Dig: he has first hand knowledge that Black ‘achievement’, what ever that means, can and will be tolerated in the U.S. only on an individual basis (and even then only in prescribed and narrow avenues of endeavor such as the low avenues he his individual self was confined to). Surely he knows that when we collectively achieve power, pride, grace, wealth, and literacy we run the risk of being murdered for it (Rosewood, Detroit and the Algiers Hotel, Tulsa, etc.).

Why, for example, Cosby demands to know, do Rap artists perform and front such vile, hateful, violent material? Surely Cosby ought to be able to reason and understand the causality of a profit obsessed recording industry and entertainment industry that controls Rap at every level now from creation to packaging, to promotion and distribution, a mendacious control that also adversely affects every other artistic, commercial, political, and economic expression in America. These forces of control have systematically sought to destroy the promotion and distribution of progressive and revolutionary artists such as Public Enemy, Disposable Heroes of Hypocrisy, Rage Against The Machine, Eric B. and Rakim, Jungle Brothers, A Tribe Called Quest, House of Pain, Roxanne Shante, De La Soul, KRS One, etc., etc., etc. The global media corporations that own Rap music in America are the very same ones affiliated with Kodak film, Coca Cola, Jello, and Kool Aid and E.F. Hutton ("because it's my money")-- Cosby's patrons; the corporations and financial institutions that made him rich and put him in Bentleys and knit sweaters.

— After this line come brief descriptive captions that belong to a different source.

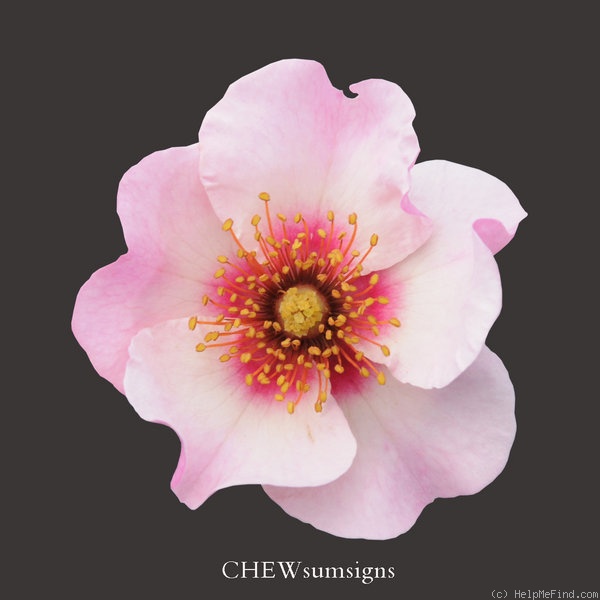 'CHEwsumsigns' rose photo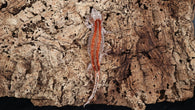 GG368- Red Stripe Gargoyle Gecko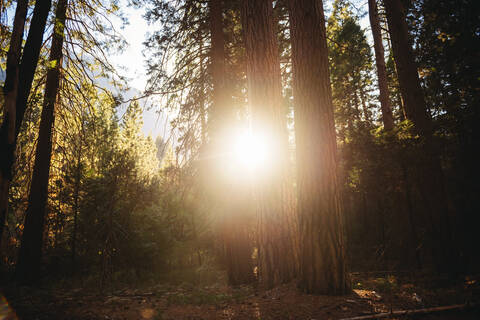 Nadelbäume bei Sonnenuntergang, Yosemite-Nationalpark, Kalifornien, USA, lizenzfreies Stockfoto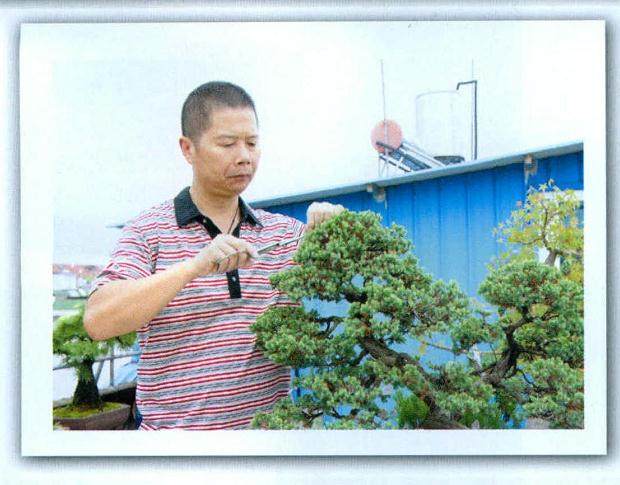 浙江省花卉协会盆景分会副会长--王炘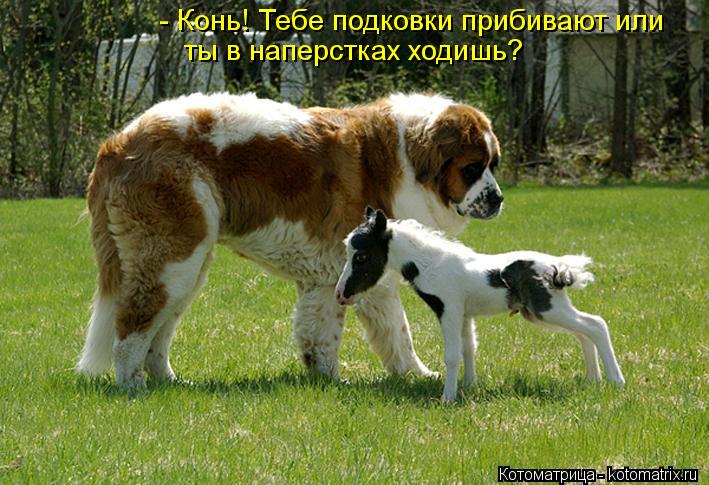 kotomatritsa_T5.jpg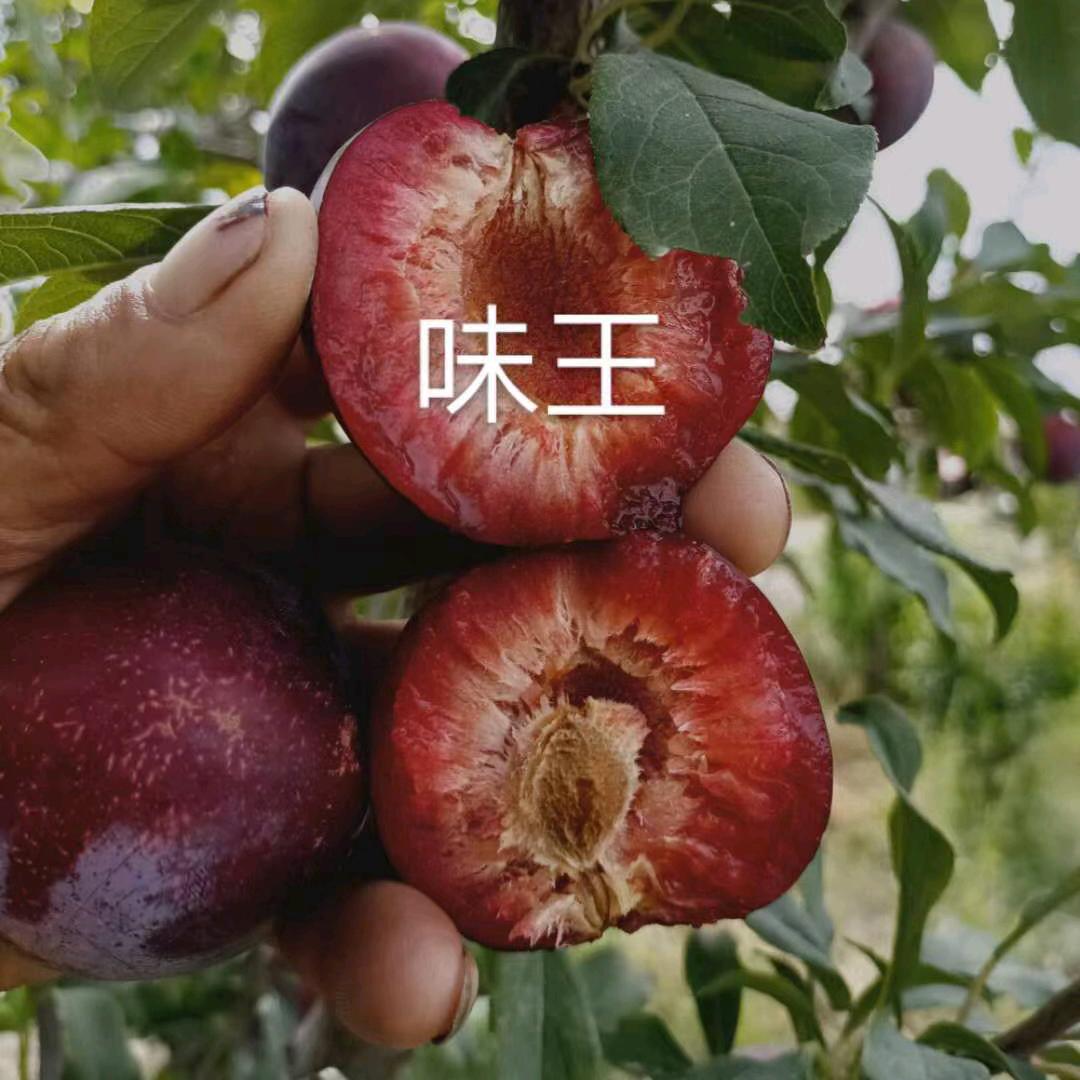 永远兴旺（西梅-味王-国丰7号）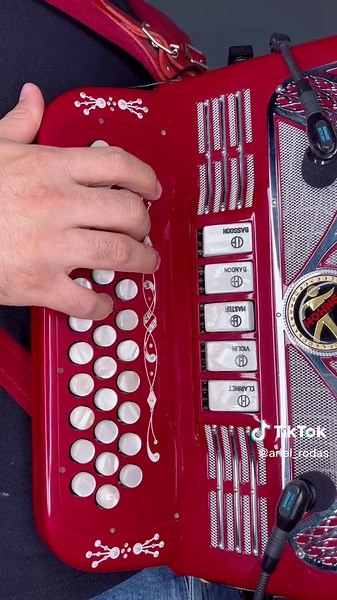 #fyp #accordion #acordeon #regionalmexicano #accordionist #accordionplayer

So corporate Rap bears this much resemblance to cocaine: some young Black males may sell it, indulge in it, glorify it, and pass it between themselves, but they surely cannot and do not globally distribute it. So how else does gangsta rap travel from East Coast Black community to West Coast Black community and back again? From white suburb to white suburb? From North coast Great Lakes to South Coast Lake Okeechobee and from the U.S. to Germany, Brazil, Port Au Prince, France, Spain, Brixton, and Italy?

As has been pointed out by Black scholars and cultural critics like Amiri Baraka, Michael Eric Dyson and Cornel West, white corporate America is the culprit. Corporate America in the form of Columbia, Atlantic, and Warner Bros., moved stealthily and shrewdly to lay down the framework for an eventual economic takeover of Rap even as Hiphop of the late 70's and early 80's took America by storm. A vibrant, politically outspoken, consciousness raising and pride promoting cultural movement, Rap music as it emerged in the late 1970s was informed by dynamic, new urban forms of dance, song, vernacular, music, clothing design, visual, and techno art. The music's rapid development spawned literally thousands of wealth-nurturing, economically empowering, community based, ingenious, free market, profit generating businesses and collectives from Brooklyn, to Atlanta, to Miami, to Detroit, to Chicago, to Dallas, to LA.

As a result the national recording industry moved to co-opt, to dominate, to control, and then eventually to direct the very evolution of what it saw as being, for itself, the most lucrative aspect of Hiphop culture: Rap music, the music Bill Cosby so truculently attacks. The question must be asked: What really lies at the heart of Cosby's bitter attacks on his own people and his ultimate defense of the master culture and economy that won't let his people go? If it walks, talks, and squawks like it, we can and should call it by its name: Black self hatred, spelled out with pudding pop sticks.

Rayfield A. Waller is a poet, cultural critic, labor activist, and political journalist who teaches literature, history, and the social sciences at Wayne State University and Wayne County Community College in the postindustrial city of Detroit, Michigan.